乔·塞科 SQL困惑和解答引文:“这最后一次更新的尝试表明,我们可以使用谓词来构造查询,这将使我们的移动平均”
SELECT S1.sample_time, AVG(S2.load) AS avg_prev_hour_load
FROM Samples AS S1, Samples AS S2
WHERE S2.sample_time
BETWEEN (S1.sample_time - INTERVAL 1 HOUR)
AND S1.sample_time
GROUP BY S1.sample_time;
是额外的列或查询方法更好? 查询是技术上更好,因为更新的方法将非规范化的数据库。 然而,如果被记录的历史数据不会改变,并计算移动平均线是昂贵的,你可以考虑使用列方法。
MS SQL实施例:
CREATE TABLE #TestDW
( Date1 datetime,
LoadValue Numeric(13,6)
);
INSERT INTO #TestDW VALUES('2012-06-09' , '3.540' );
INSERT INTO #TestDW VALUES('2012-06-08' , '2.260' );
INSERT INTO #TestDW VALUES('2012-06-07' , '1.330' );
INSERT INTO #TestDW VALUES('2012-06-06' , '5.520' );
INSERT INTO #TestDW VALUES('2012-06-05' , '3.150' );
INSERT INTO #TestDW VALUES('2012-06-04' , '2.230' );
SQL查询的难题:
SELECT S1.date1, AVG(S2.LoadValue) AS avg_prev_3_days
FROM #TestDW AS S1, #TestDW AS S2
WHERE S2.date1
BETWEEN DATEADD(d, -2, S1.date1 )
AND S1.date1
GROUP BY S1.date1
order by 1;
Answer 3:
select t2.date, round(sum(ct.clicks)/3) as avg_clicks
from
(select date from clickstable) as t2,
(select date, clicks from clickstable) as ct
where datediff(t2.date, ct.date) between 0 and 2
group by t2.date
例如这里 。
很明显,你可以切换到任何你所需要的时间间隔。 你也可以使用count(),而不是一个神奇的数字,使其更容易改变,但也会慢下来。
Answer 4:
select *
, (select avg(c2.clicks) from #clicks_table c2
where c2.date between dateadd(dd, -2, c1.date) and c1.date) mov_avg
from #clicks_table c1
Answer 5:
使用不同的连接谓词:
SELECT current.date
,avg(periods.clicks)
FROM current left outer join current as periods
ON current.date BETWEEN dateadd(d,-2, periods.date) AND periods.date
GROUP BY current.date HAVING COUNT(*) >= 3
该声明其将防止任何未经日期至少N值被返回。
Answer 6:
假定x是要被平均的值和xDate是日期值:
选择平均(X)从myTable的WHERE xDate BETWEEN DATEADD(d,-2,xDate)和xDate
Answer 7:
为滚动平均值通用模板的大型数据集以及扩展
WITH moving_avg AS (
SELECT 0 AS [lag] UNION ALL
SELECT 1 AS [lag] UNION ALL
SELECT 2 AS [lag] UNION ALL
SELECT 3 AS [lag] --ETC
)
SELECT
DATEADD(day,[lag],[date]) AS [reference_date],
[otherkey1],[otherkey2],[otherkey3],
AVG([value1]) AS [avg_value1],
AVG([value2]) AS [avg_value2]
FROM [data_table]
CROSS JOIN moving_avg
GROUP BY [otherkey1],[otherkey2],[otherkey3],DATEADD(day,[lag],[date])
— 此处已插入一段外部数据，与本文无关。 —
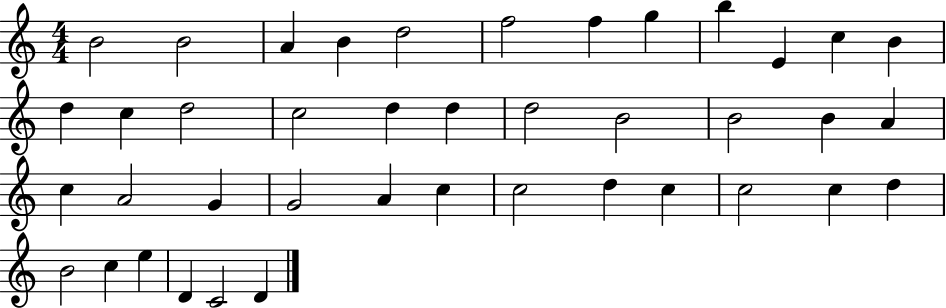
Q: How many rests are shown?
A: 0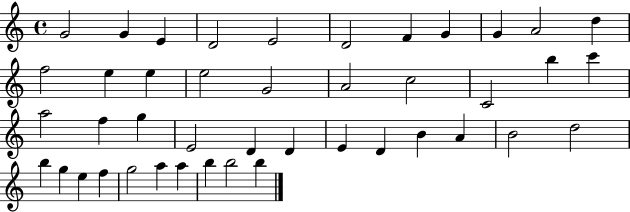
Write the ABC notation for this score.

ORDER BY [otherkey1],[otherkey2],[otherkey3],[reference_date];
而对于加权移动平均值:
WITH weighted_avg AS (
SELECT 0 AS [lag], 1.0 AS [weight] UNION ALL
SELECT 1 AS [lag], 0.6 AS [weight] UNION ALL
SELECT 2 AS [lag], 0.3 AS [weight] UNION ALL
SELECT 3 AS [lag], 0.1 AS [weight] --ETC
)
SELECT
DATEADD(day,[lag],[date]) AS [reference_date],
[otherkey1],[otherkey2],[otherkey3],
AVG([value1] * [weight]) / AVG([weight]) AS [wavg_value1],
AVG([value2] * [weight]) / AVG([weight]) AS [wavg_value2]
FROM [data_table]
CROSS JOIN weighted_avg
GROUP BY [otherkey1],[otherkey2],[otherkey3],DATEADD(day,[lag],[date])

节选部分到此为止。